YOUR INSTRUCTIONS: Starting at the first line of the entries below, please return exactly each line up to and including the one with "- une chambre"; pictures stay out.

[Data excerpts]

──────────────────────────────

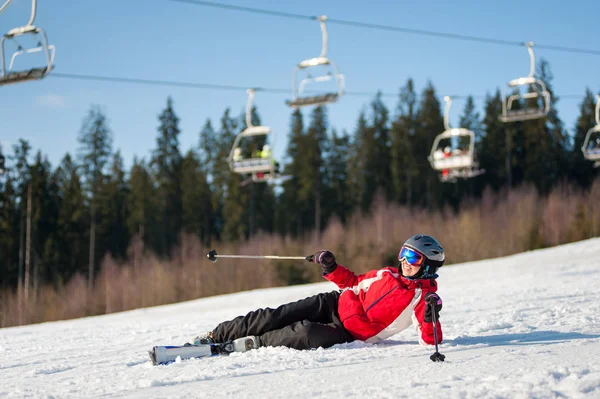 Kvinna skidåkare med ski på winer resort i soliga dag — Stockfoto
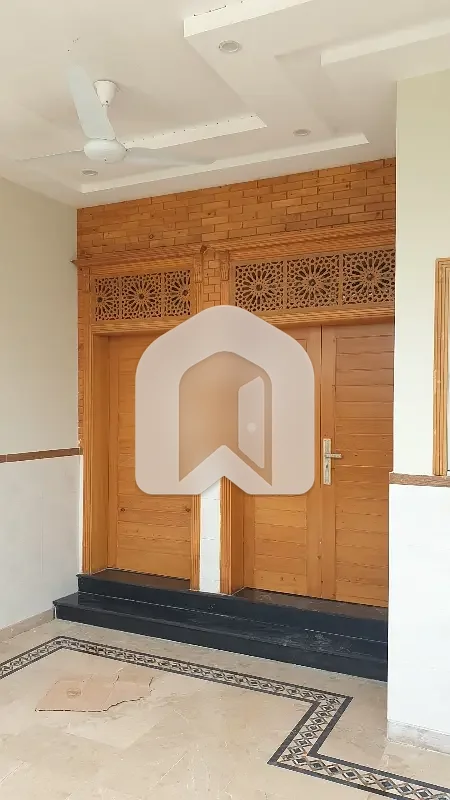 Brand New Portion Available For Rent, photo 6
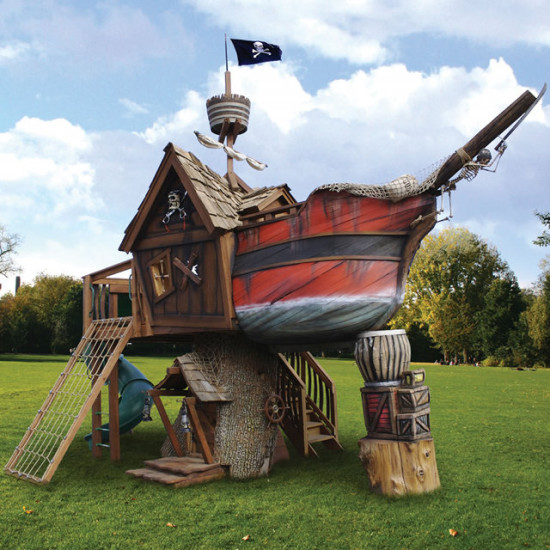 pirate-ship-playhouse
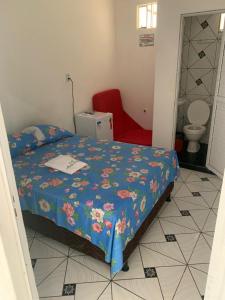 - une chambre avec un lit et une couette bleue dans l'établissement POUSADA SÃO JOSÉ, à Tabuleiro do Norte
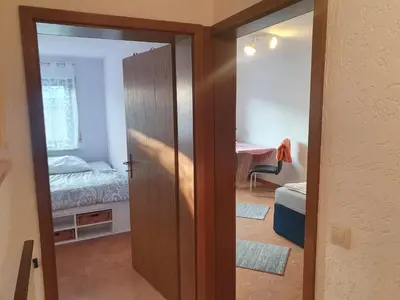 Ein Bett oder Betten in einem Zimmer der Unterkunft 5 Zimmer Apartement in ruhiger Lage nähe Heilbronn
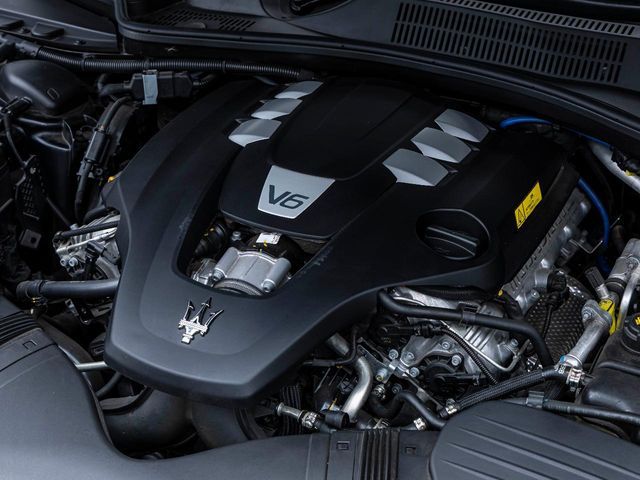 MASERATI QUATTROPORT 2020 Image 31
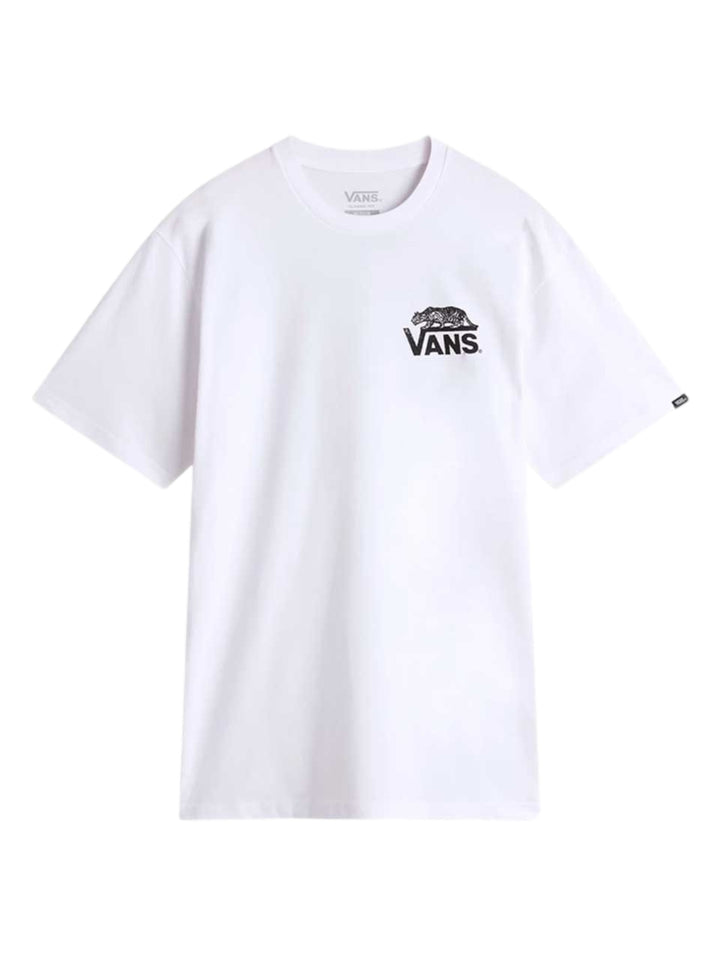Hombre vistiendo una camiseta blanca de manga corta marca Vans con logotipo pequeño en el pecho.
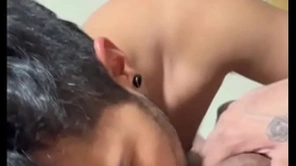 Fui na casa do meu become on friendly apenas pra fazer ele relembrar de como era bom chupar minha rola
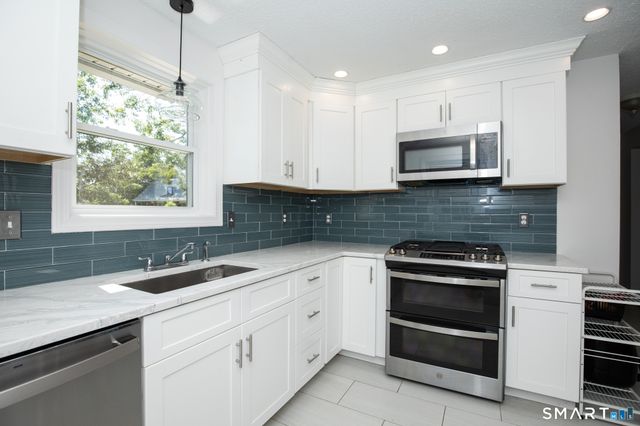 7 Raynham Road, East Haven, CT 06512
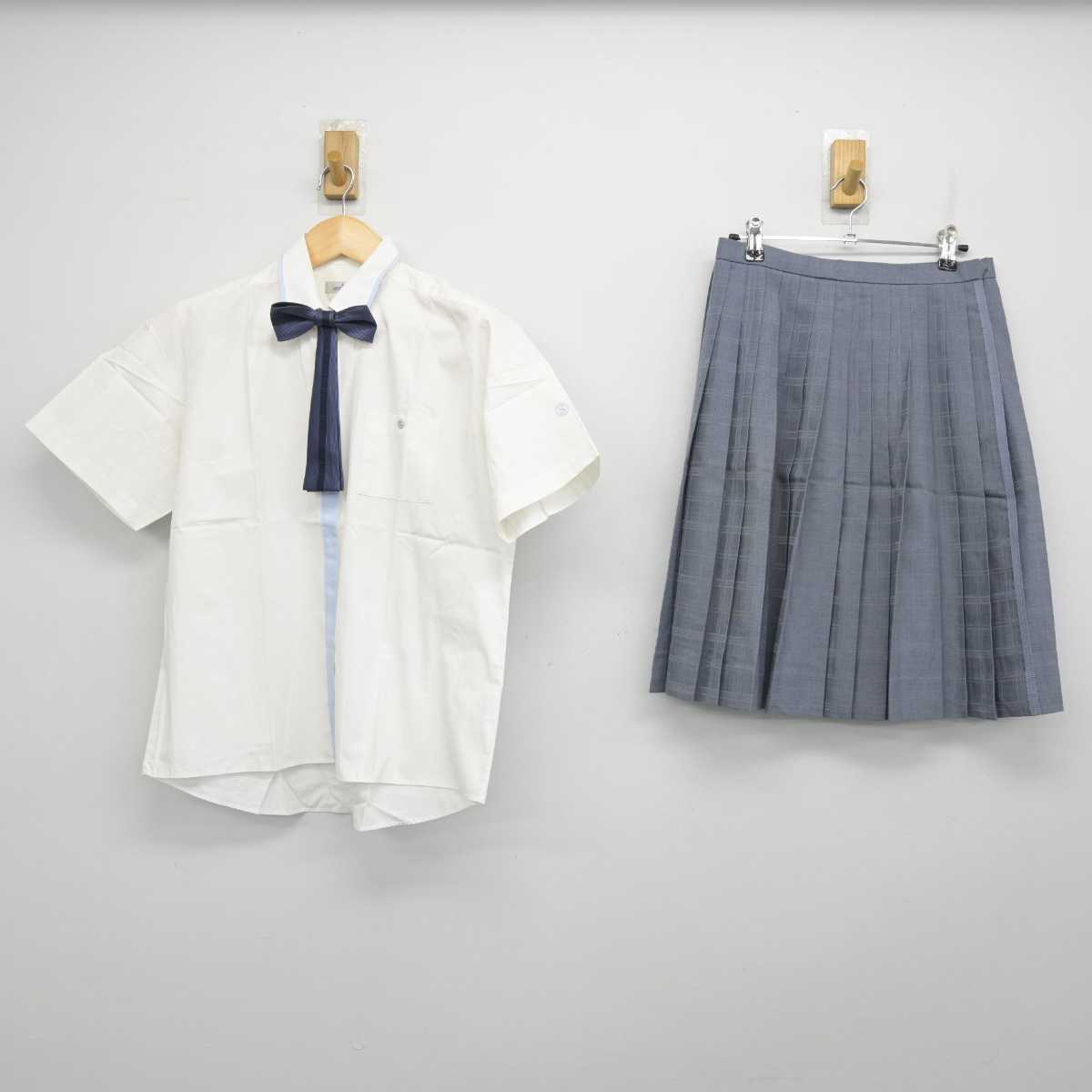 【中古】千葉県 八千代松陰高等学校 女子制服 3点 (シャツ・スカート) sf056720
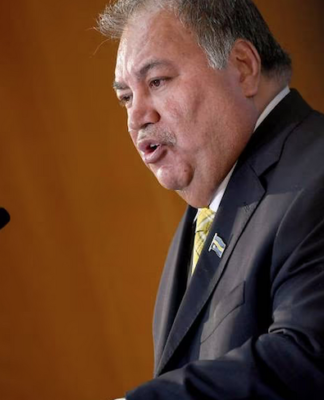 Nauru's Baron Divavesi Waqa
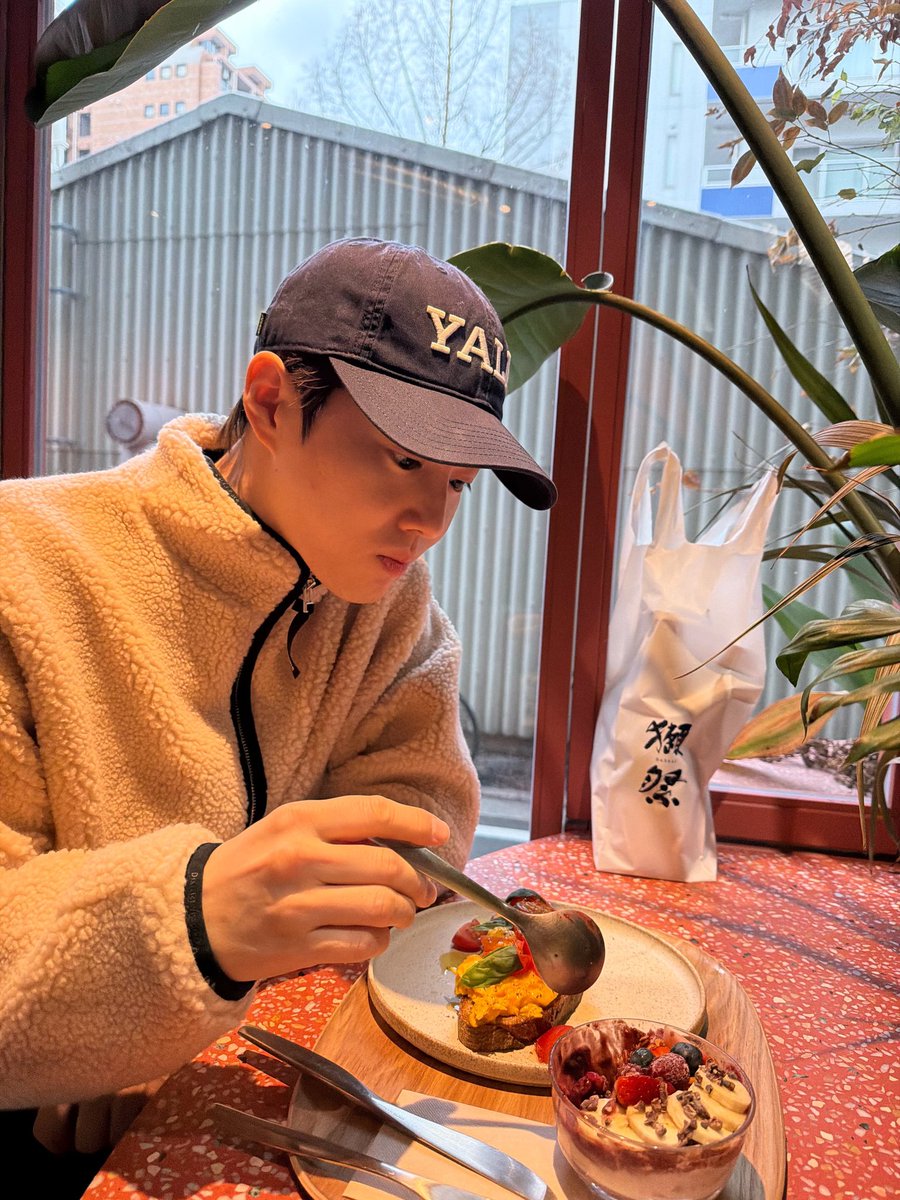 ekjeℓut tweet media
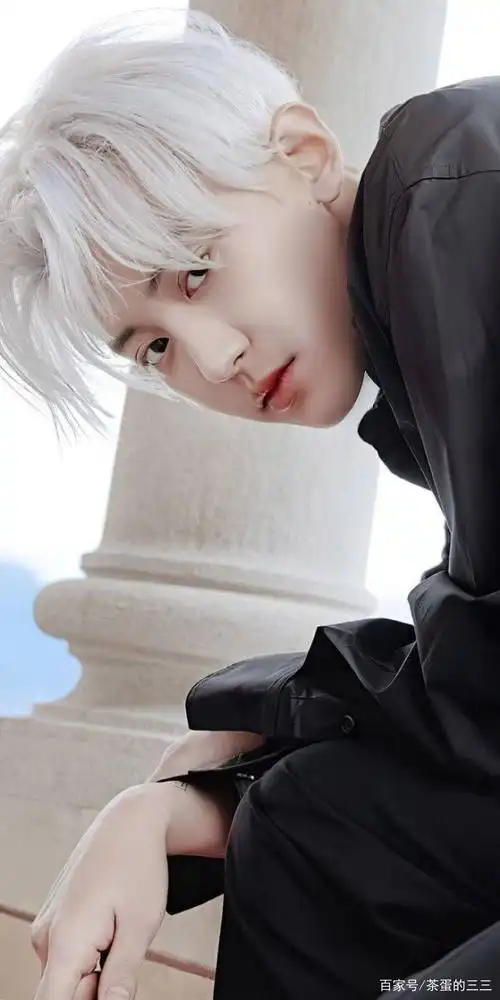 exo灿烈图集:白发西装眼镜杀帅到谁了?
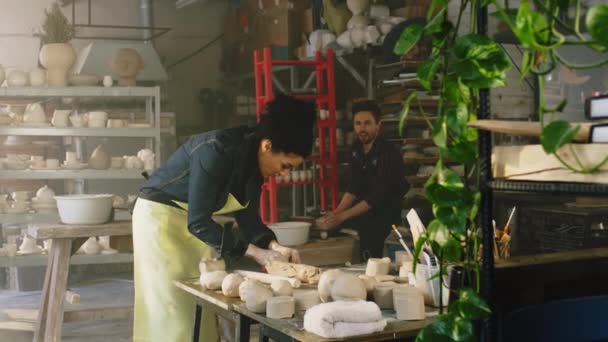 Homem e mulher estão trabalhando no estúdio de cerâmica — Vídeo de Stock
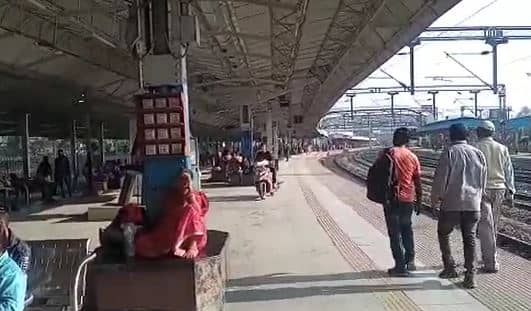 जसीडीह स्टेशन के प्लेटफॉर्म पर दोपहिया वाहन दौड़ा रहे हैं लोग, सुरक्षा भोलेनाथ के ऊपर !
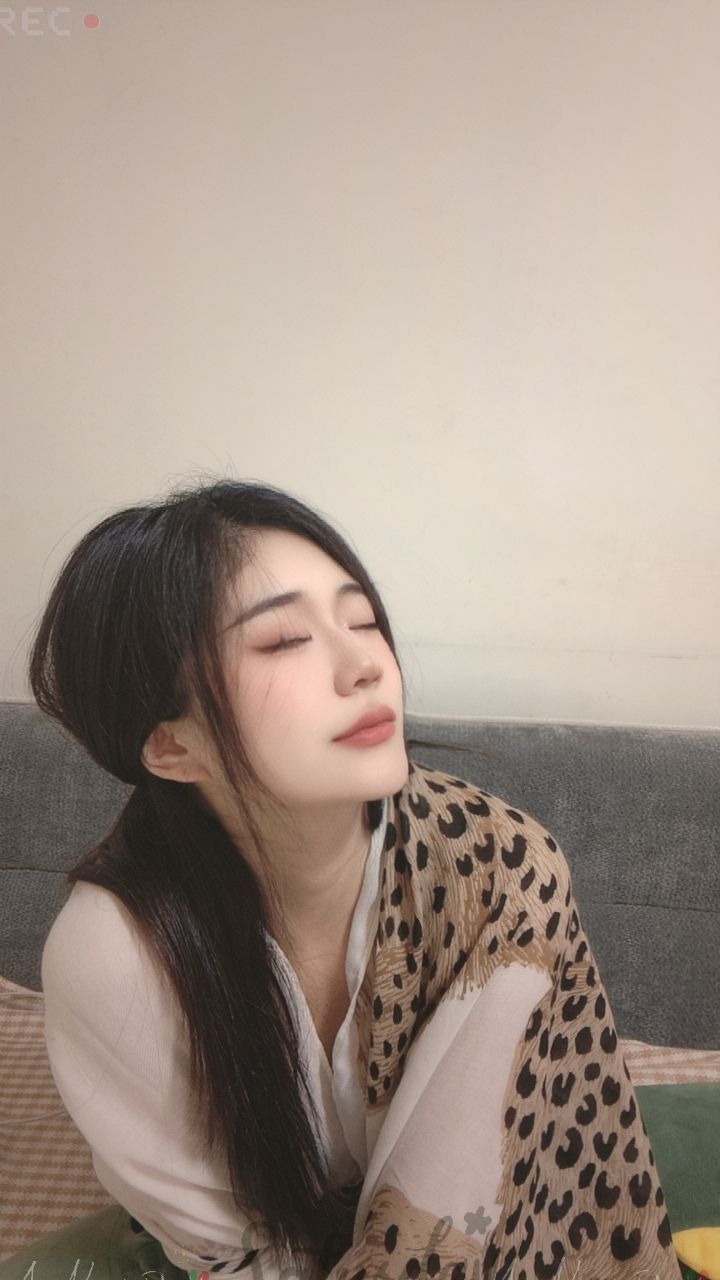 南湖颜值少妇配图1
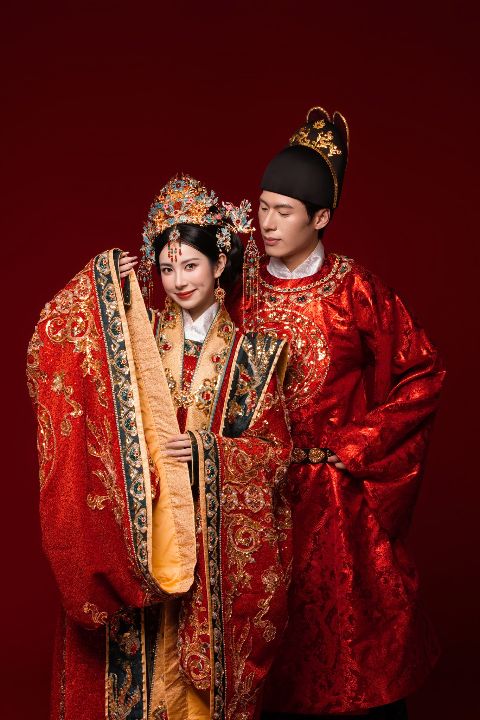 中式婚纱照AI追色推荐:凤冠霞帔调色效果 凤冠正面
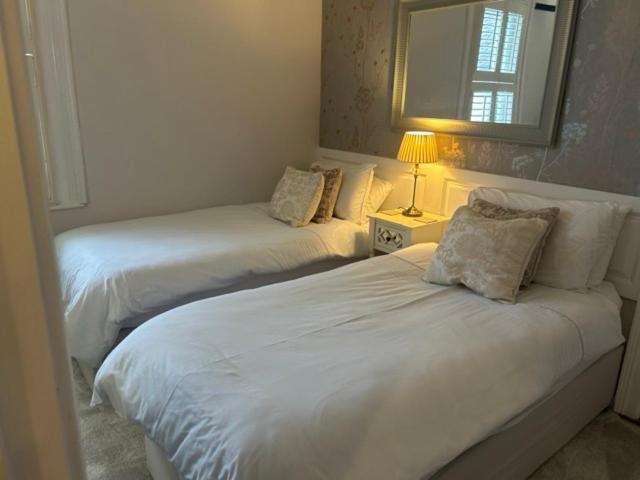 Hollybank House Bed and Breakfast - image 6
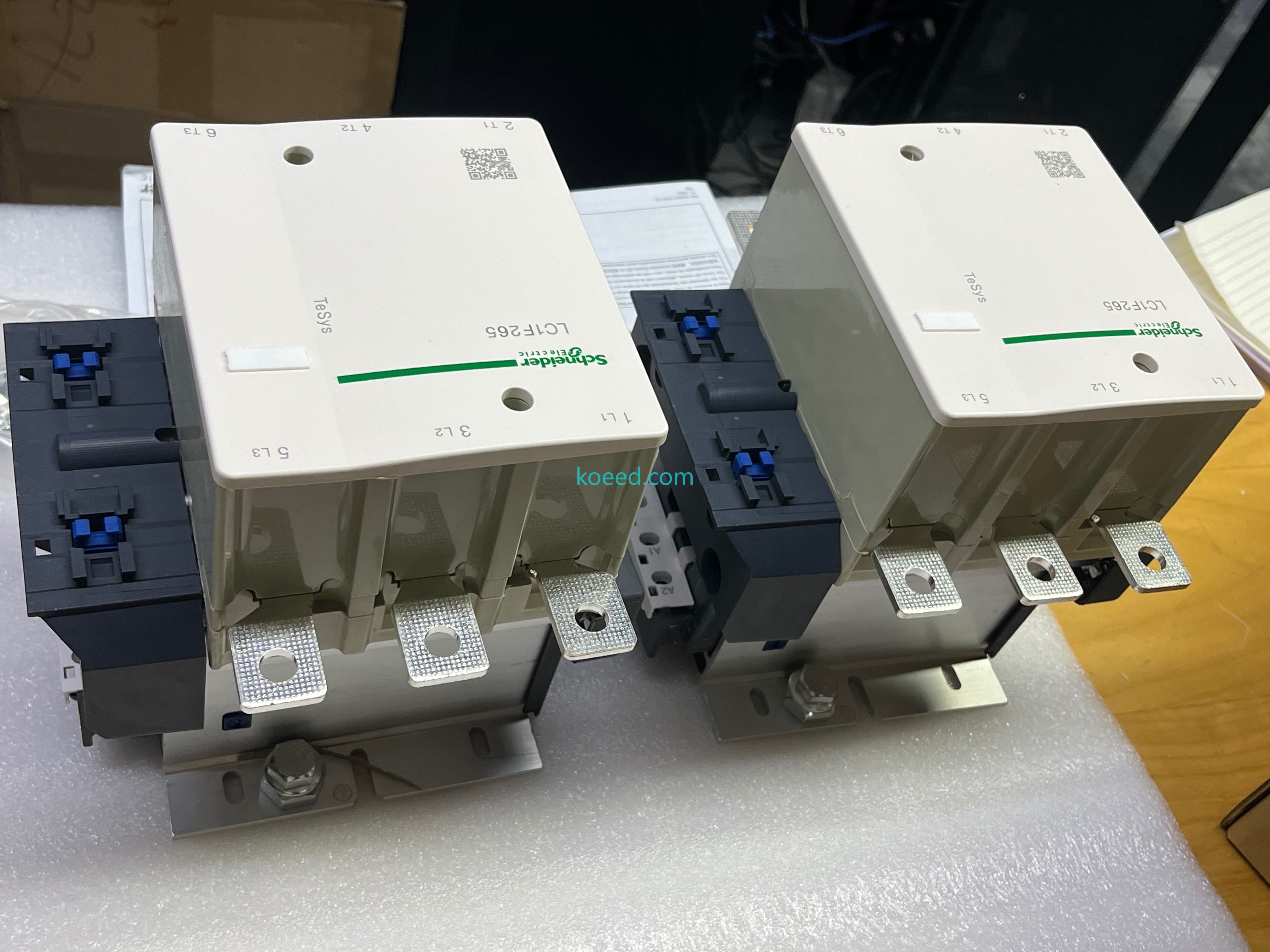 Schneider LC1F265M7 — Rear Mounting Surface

──────────────────────────────

RESPONSE BELOW:
 Kvinna skidåkare med ski på winer resort i soliga dag — Stockfoto
 Brand New Portion Available For Rent, photo 6
 pirate-ship-playhouse
 - une chambre avec un lit et une couette bleue dans l'établissement POUSADA SÃO JOSÉ, à Tabuleiro do Norte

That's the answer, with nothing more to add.